When you’re building a new SQL Server, you’re going to see a few intriguing checkboxes during setup.
The services are all free, right? You can just check the boxes for Machine Learning Services, R, Python, Data Quality Services, PolyBase, Integration Services, Analysis Services, and Reporting Services – it’s not like you have to put more coins in the front of the server. So what’s the drawback? Why not collect ’em all? What are the pros and cons?
The more you install, the harder performance troubleshooting becomes. They all drink from the same pool of available CPU, memory, storage, and network throughput. When one of them is performing slowly, you’ll be constantly asking questions like:
- “Is this slow because one of the other services are using all the power?”
- “Is this service’s power consumption affecting other critical apps?”
- “How can I monitor which one is using CPU/memory/etc at any given time?”

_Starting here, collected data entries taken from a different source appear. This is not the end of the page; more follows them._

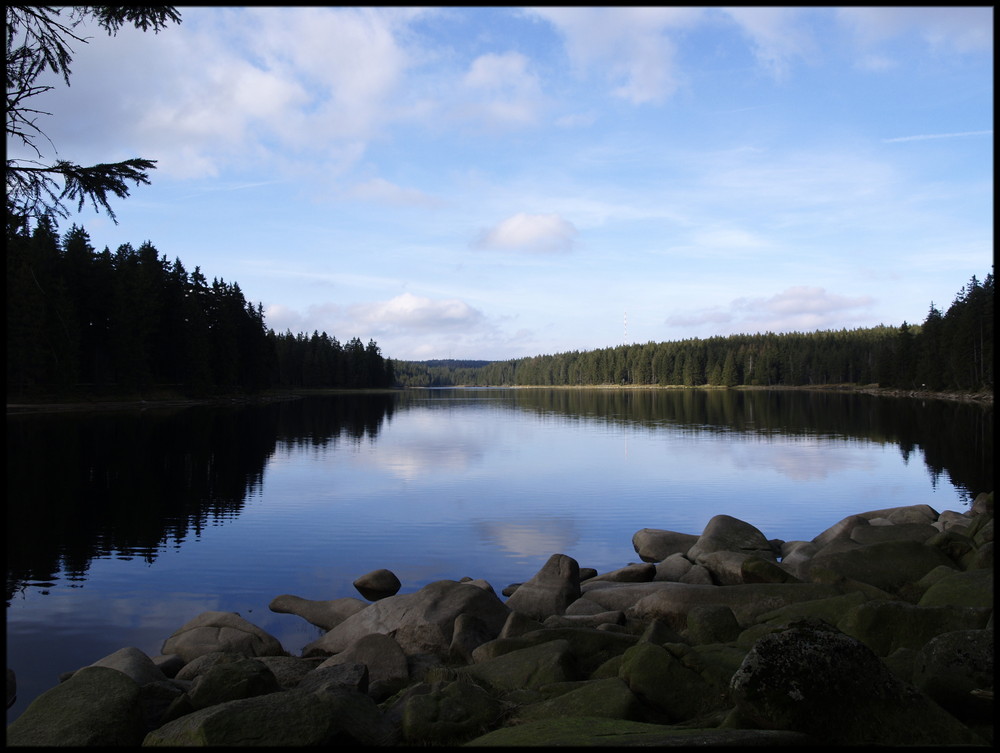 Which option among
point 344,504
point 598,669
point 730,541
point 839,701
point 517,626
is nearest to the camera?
point 839,701

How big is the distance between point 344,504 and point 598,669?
61.7ft

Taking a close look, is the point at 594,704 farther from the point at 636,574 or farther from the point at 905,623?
the point at 636,574

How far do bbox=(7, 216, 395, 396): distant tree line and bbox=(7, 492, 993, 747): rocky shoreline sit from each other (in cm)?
5730

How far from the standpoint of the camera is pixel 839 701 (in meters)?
5.73

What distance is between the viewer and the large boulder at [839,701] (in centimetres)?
562

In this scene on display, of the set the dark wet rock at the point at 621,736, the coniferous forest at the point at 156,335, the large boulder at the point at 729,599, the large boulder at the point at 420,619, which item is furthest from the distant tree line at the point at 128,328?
the dark wet rock at the point at 621,736

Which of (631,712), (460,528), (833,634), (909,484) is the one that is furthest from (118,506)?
(909,484)

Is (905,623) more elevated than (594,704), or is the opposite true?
(905,623)

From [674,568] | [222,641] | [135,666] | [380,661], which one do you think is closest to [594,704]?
[380,661]

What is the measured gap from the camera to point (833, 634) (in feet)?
20.0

Patching and upgrades are harder, too. If your team actively uses these services, then at some point, they’re going to want to patch or upgrade just a portion of the services. Classic example: the BI team wants to move to a newer version of Analysis Services to support a cool new reporting tool, but the main app developers can’t certify their app on a newer version of the relational engine yet. If everything’s on the same box, this gets a lot harder. (Coordinating downtime is especially tricky.)
Uptime management is harder. If you want to make any of these services highly available, then you need to get clusters, load balancers, and things like Always On involved. Each of the features has its own unique ways of building high availability, and when you pile them into the same box, you’re not making your job easier.
However, Standard Edition licensing is easier. If you just bought enough licenses to cover this one VM or physical box, then you probably want to consolidate these services all onto that same box. You probably can’t afford to split them out across multiple boxes. (On the other hand, if you’re using Enterprise Edition and licensing per VM host, then you’re much better off splitting these into different VMs for the reasons we mentioned above – it’s not like it’ll cost you more for SQL Server licensing.)
Piling lots of services into the SQL Server does indeed have its costs – even when licensing is “free.”